08:03On l'a dit, Philippe Vedovini, c'est un patriarche,
08:06c'est quelqu'un qui a dix enfants,
08:07quelques petits-enfants aussi,
08:09et qui, de longue date,
08:10est quelqu'un qui semble être le leader de ce clan familial.
08:14C'est quelqu'un qui est aussi, dans le village où il vit en vacances au Vernet,
08:18a la réputation d'être quelqu'un d'assez dur,
08:21d'assez autoritaire,
08:22mais aussi d'assez renfermé.
08:24C'est-à-dire que cette famille,
08:24elle vit quasiment en vase clos au milieu de ce petit village.

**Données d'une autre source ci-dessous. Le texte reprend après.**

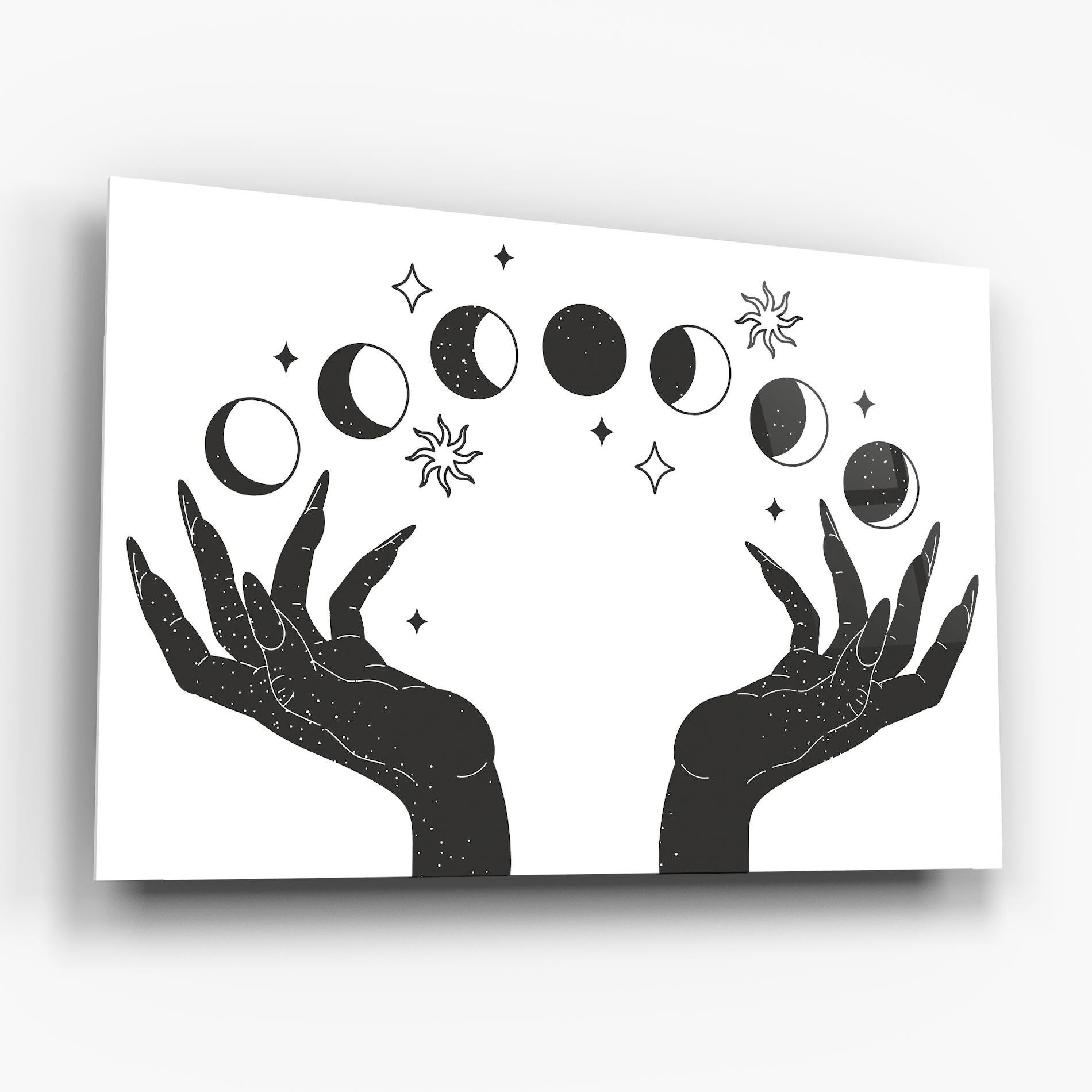 Glasbild Magic Moon Hands mockup 6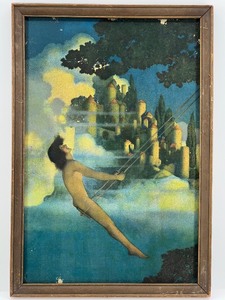 lot 160 image: Dinky Bird by Maxfield Parrish Vintage Print in Wooden Frame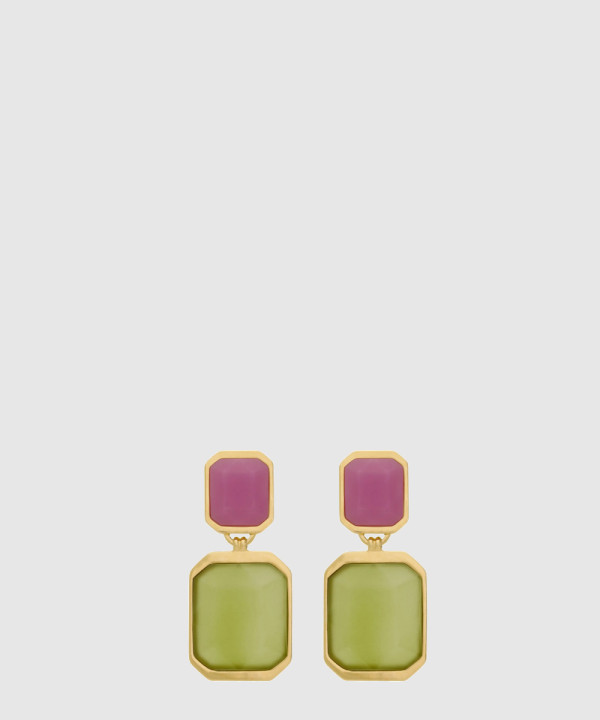 앤티크 오버 글라스 크리스털  스퀘어 이어링 737929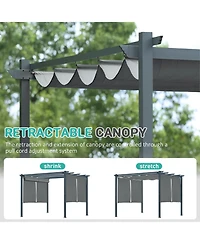 Aoodor 10 x 10 ft Outdoor Pergola with Retractable Canopy 4 Pieces Patio Sun Shade Shelter - Light Gray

08:27Donc, tout ça a fait que les gendarmes se sont plus intéressés à lui qu'à d'autres.
08:32Et ils ont découvert aussi, au cours de leur enquête,
08:34que Philippe Vedovini, dans le passé, dans les années 90,
08:37lorsqu'il était jeune et lorsqu'il était surveillant
08:40dans un établissement privé du nord de la France
08:42qui s'appelait l'Institut de Riaumont, dans le Pas-de-Calais,
08:46il s'est livré, apparemment,
08:47à un certain nombre de violences sur des élèves.
08:50En tout cas, il a été entendu dans une procédure judiciaire.
08:53Donc, le portrait d'un homme potentiellement violent,
08:56assez autoritaire,
08:57qui est l'un des derniers à avoir vu Émile vivant avant sa disparition,
09:01tout ça, ça motive que les gendarmes s'intéressent plus spécifiquement à lui.
09:06Ronan Fulgoas, pour le Parisien,
09:07vous êtes parti à la Bouilladis, dans les Bouches-du-Rhône,
09:10donc à une trentaine de kilomètres de Marseille.
09:12C'est là où vivent les grands-parents maternels d'Émile.
09:15Vous êtes donc en ligne avec nous, à distance.
09:18Est-ce que ce sont de nouveaux éléments d'enquête
09:20qui ont abouti à ces gardes à vue ?
09:22Alors, nous sommes à l'extérieur du bourg de la Bouilladis.
09:25Il faut comprendre que la maison des Vedovinis
09:27est située à à peu près 2 kilomètres du centre du village.
09:30On y accède par une route montante,
09:33typique d'un col de moyenne montagne.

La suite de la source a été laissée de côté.